McIntireCouncilman Bryan McIntire had an idea when it comes to dealing with all the restaurant fliers and other advertisements that Councilman John Olszewski Sr. says are littering his district: Pick them up and throw them out.

Olszewski is sponsoring a bill — intended to prevent unwanted advertising circulars from becoming litter. The bill would require that businesses using fliers and circulars as advertising to maintain a toll-free number that residents could call to end delivery. The bill would also make it illegal to place those fliers or circulars on cars.

But McIntire suggested the bill shouldn’t be needed.

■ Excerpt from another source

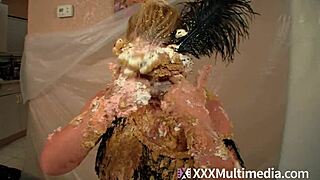 two blondes get soaking wet and messy with cream pies on their faces.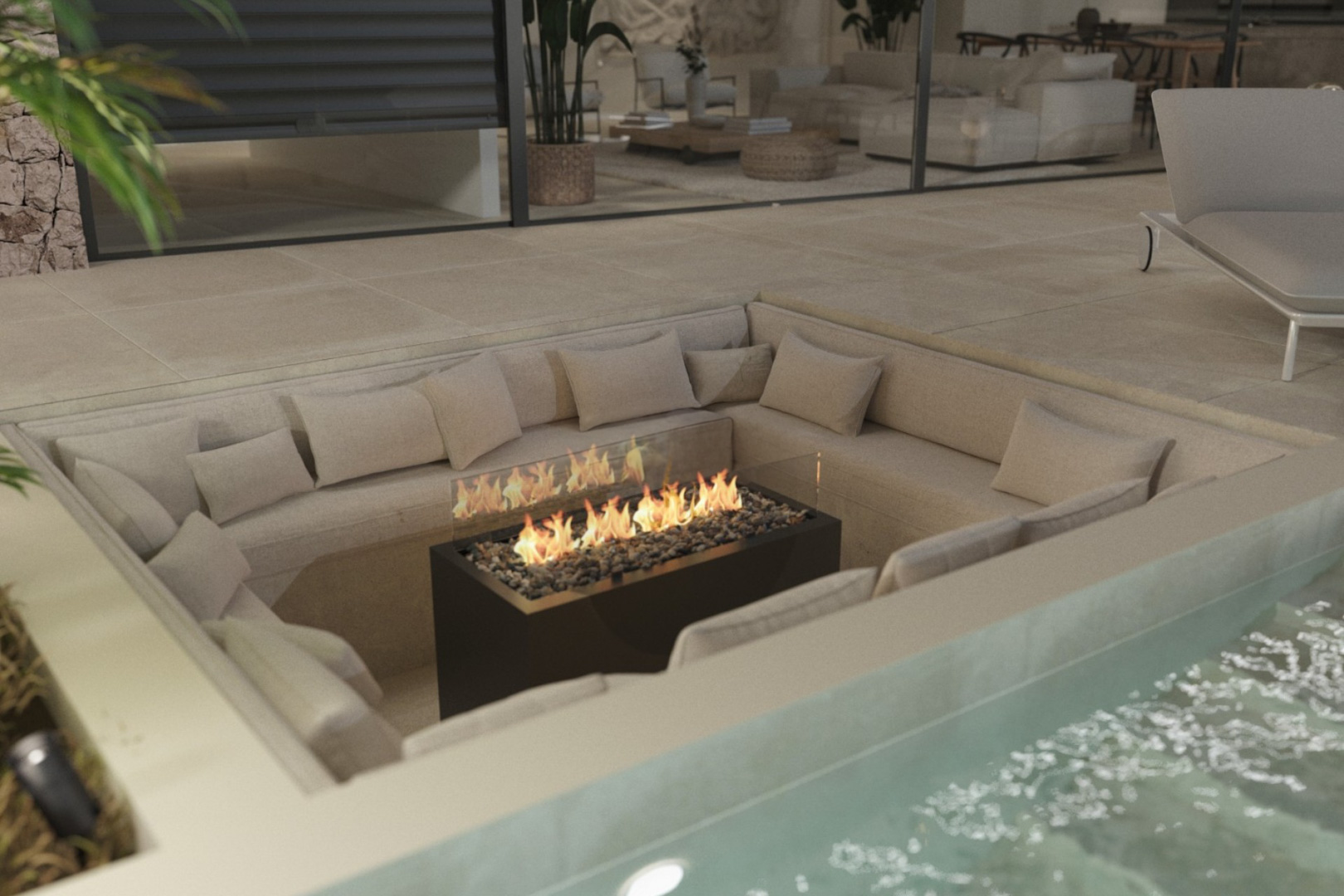 Sunken outdoor lounge area featuring a central gas fire pit with glass protection and integrated beige seating on the stone terrace.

“With all due respect, if a community or shopping center doesn’t have enough self-pride to pick up litter and trash, then they deserve to live in their squalor,” McIntire, a Republican, told Olszewski during the council work session on Tuesday. “My neighborhood, if I see trash anywhere — on the street, in the street, between the curb and the grass — I stop and pick it up and so do the others. And if people don’t want to live that way and don’t want to go to that much trouble, let them live with the trash.”

“Councilman, unfortunately everyone doesn’t have the philosophy you have,” replied Olszewski, a Democrat who represents Dundalk, Essex and part of Rosedale. ” You’re not going to change people’s habits, so this is one way of trying to get to a point where we don’t have to have them make a decision to pick up trash that they didn’t put there in the first place, that someone else created.”

McIntire, who represents Parkton, Kingsville and part of Cockeysville, told Olszewski that his bill was unenforceable, and suggested “you and I can set the example.”

“I saw a lady pick up some trash in a shopping center the other day and carry it to the bin,” McIntire said. “I said to her ‘You’re a good citizen. Thank you very much.’ That’s the kind of thing that encourages people to not litter.”